Pesticides : contrôles mal conçus, autorisations trop complaisantes

Une tribune publiée par 2 scientifiques, Paule Bénit, ingénieure de recherche à l’Inserm, et Pierre Rustin directeur de recherche au CNRS dénonce la manière dont se font les autorisations de mise sur le marché des pesticides.

Abeille morte par pesticide (Image par rostichep de Pixabay)

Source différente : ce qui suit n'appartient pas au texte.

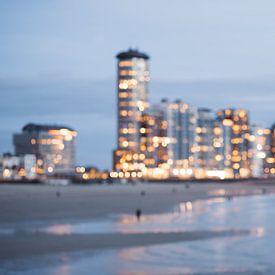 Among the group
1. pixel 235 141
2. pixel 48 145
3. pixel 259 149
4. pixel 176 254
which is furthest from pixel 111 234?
pixel 259 149

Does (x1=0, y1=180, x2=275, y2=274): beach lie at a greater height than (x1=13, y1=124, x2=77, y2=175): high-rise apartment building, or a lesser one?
lesser

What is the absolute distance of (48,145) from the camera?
508 feet

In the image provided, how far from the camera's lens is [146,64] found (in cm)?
13912

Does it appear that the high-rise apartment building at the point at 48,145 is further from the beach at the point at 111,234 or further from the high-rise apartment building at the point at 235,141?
the beach at the point at 111,234

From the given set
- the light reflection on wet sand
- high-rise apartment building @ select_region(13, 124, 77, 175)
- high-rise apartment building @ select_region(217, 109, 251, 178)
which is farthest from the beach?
high-rise apartment building @ select_region(217, 109, 251, 178)

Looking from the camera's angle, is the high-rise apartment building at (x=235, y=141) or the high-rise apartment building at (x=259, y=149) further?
the high-rise apartment building at (x=259, y=149)

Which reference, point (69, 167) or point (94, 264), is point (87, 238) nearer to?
point (94, 264)

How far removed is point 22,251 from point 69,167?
132 m

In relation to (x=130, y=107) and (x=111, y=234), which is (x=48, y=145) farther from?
(x=111, y=234)

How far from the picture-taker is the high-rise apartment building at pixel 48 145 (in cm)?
15200

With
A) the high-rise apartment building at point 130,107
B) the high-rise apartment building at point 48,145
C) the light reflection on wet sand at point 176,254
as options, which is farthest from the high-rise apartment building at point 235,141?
the light reflection on wet sand at point 176,254

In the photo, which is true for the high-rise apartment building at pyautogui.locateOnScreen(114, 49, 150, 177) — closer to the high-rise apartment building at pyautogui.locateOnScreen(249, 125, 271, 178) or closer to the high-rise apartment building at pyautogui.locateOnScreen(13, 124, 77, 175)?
the high-rise apartment building at pyautogui.locateOnScreen(13, 124, 77, 175)

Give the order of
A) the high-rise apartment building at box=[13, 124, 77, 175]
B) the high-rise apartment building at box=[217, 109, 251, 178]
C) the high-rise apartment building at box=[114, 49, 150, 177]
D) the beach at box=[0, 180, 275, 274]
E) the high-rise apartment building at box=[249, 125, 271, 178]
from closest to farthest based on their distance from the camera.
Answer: the beach at box=[0, 180, 275, 274], the high-rise apartment building at box=[114, 49, 150, 177], the high-rise apartment building at box=[13, 124, 77, 175], the high-rise apartment building at box=[217, 109, 251, 178], the high-rise apartment building at box=[249, 125, 271, 178]

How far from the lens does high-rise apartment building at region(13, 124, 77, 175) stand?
152 m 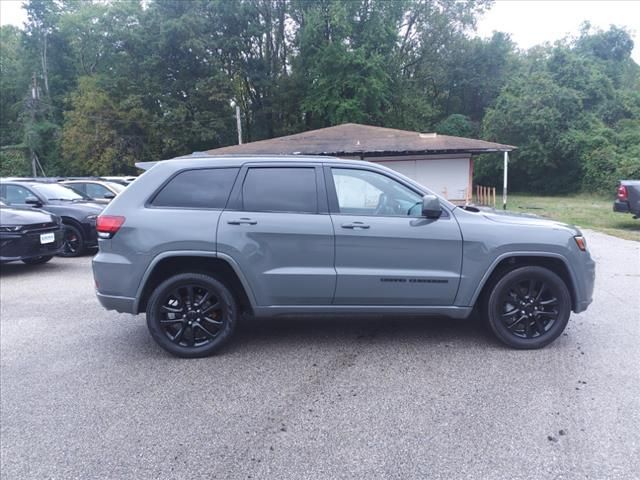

Dans la plupart des pays européens l’emploi des pesticides est règlementé par des autorités sanitaires. Des autorisations de Mise sur le Marché  sont décernées par les États sur la base de recommandations faites par  l’EFSA (Autorité européenne de sécurité des aliments) et pour la France qui dispose de son propre organisme, par l’ANSES (l’Agence nationale de sécurité sanitaire de l’alimentation, de l’environnement et du travail). Pour établir ces recommandations les 2 instances font appel à des données qui leurs sont essentiellement fournies par des industriels.
Ces données fournies par les industriels sont souvent contestables sur le plan scientifique : elles sont peu ou partiellement accessibles et la plupart du temps non publiées, ce qui rend impossible ou très difficile leur critique par le monde scientifique.
Pourtant c’est à partir de ces données que se définissent les doses journalières autorisées (DJA), établies en mg/kg/jour, qui sont censées être exemptes de tout risque pour la santé, tout au long d’une vie humaine !

Le fonctionnement de ce dispositif  qui  alimente les règlementations en matière de santé pose de nombreux problèmes

Juridiques : la procédure actuelle qui débouche sur des règlementations peut générer des situations de conflit d’intérêt car les industriels qui fournissent les données peuvent être à la fois juge et partie.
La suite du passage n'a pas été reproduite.